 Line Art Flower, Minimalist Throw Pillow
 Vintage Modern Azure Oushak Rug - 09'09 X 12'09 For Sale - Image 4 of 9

........

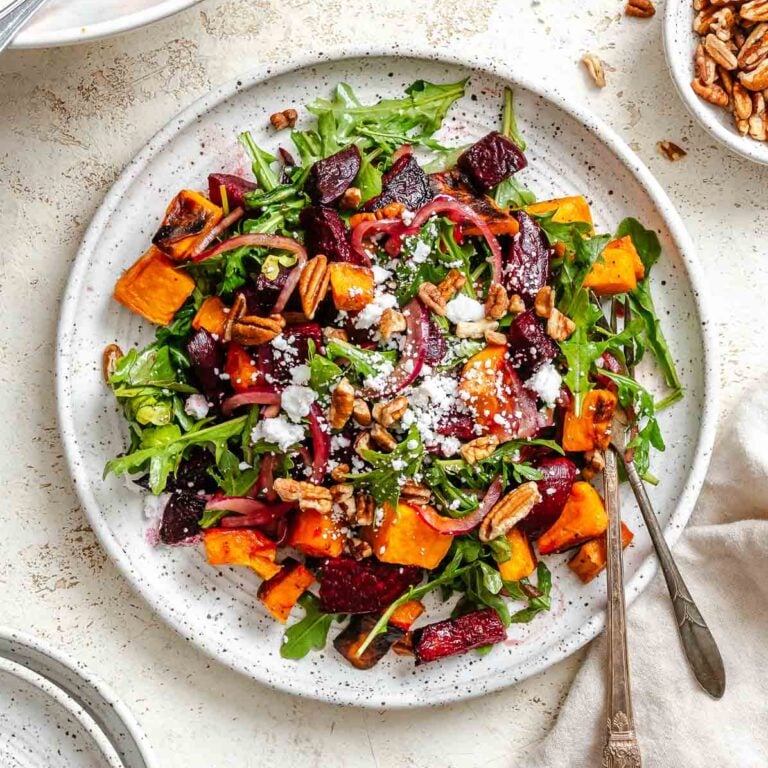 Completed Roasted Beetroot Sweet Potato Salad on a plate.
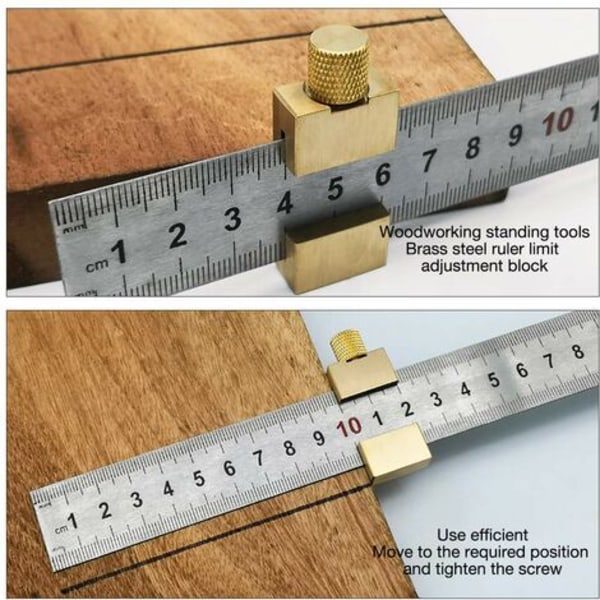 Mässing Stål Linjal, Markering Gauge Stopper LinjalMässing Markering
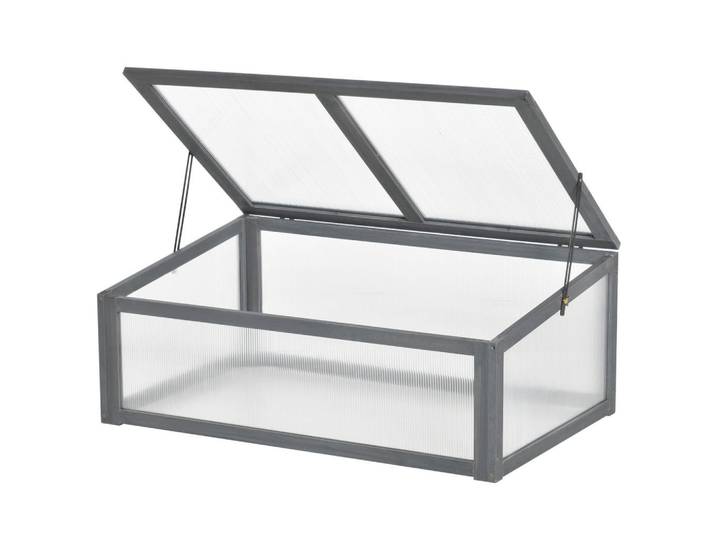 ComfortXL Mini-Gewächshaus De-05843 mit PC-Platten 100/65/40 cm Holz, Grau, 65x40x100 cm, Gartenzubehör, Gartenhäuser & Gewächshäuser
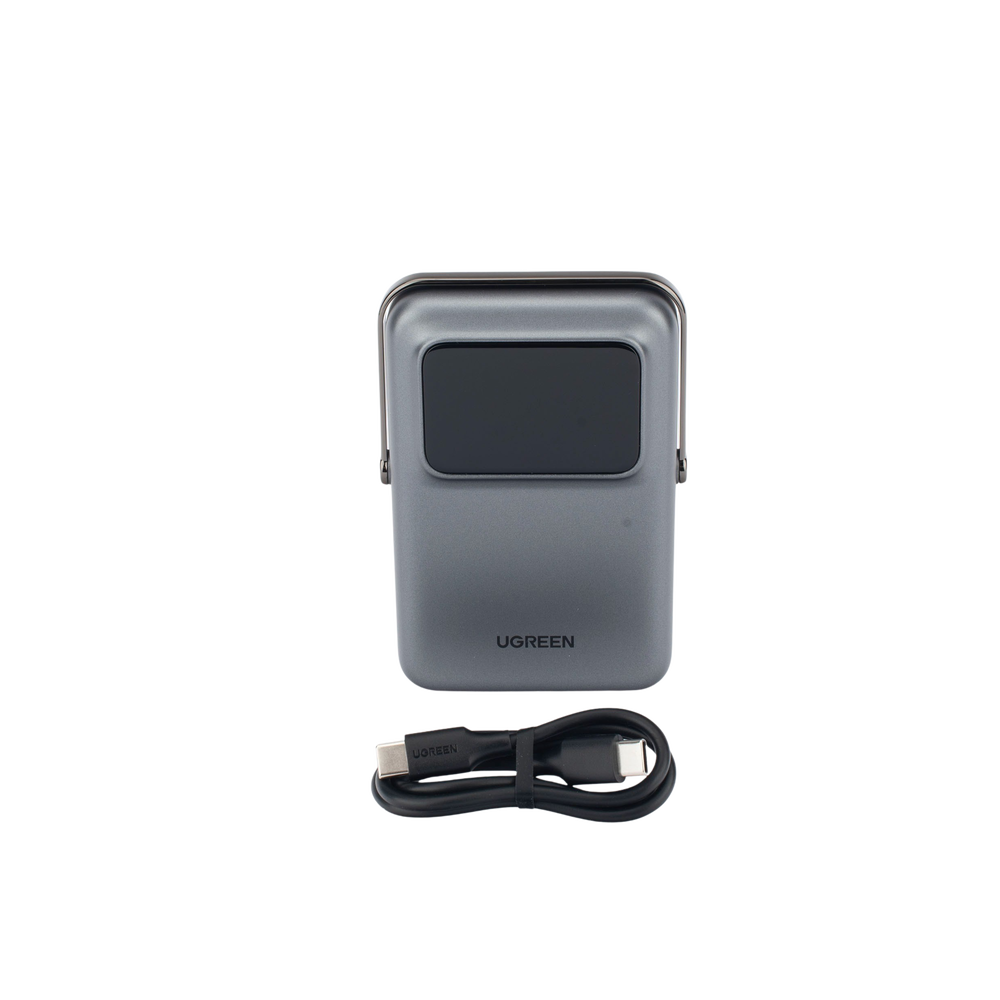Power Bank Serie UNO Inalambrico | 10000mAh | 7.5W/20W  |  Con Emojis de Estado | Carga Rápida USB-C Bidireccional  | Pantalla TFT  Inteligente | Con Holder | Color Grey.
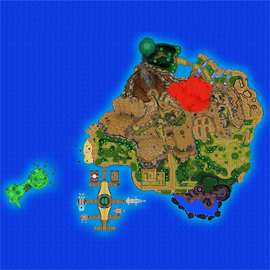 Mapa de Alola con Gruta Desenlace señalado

........

Your task:
Repeat exactly the lines above, beginning at the one containing "Power Bank Serie" and ending at the one containing "Mapa de Alola con Gruta Desenlace señalado". Do not carry over any pictures.

Result:
Power Bank Serie UNO Inalambrico | 10000mAh | 7.5W/20W  |  Con Emojis de Estado | Carga Rápida USB-C Bidireccional  | Pantalla TFT  Inteligente | Con Holder | Color Grey.
 Mapa de Alola con Gruta Desenlace señalado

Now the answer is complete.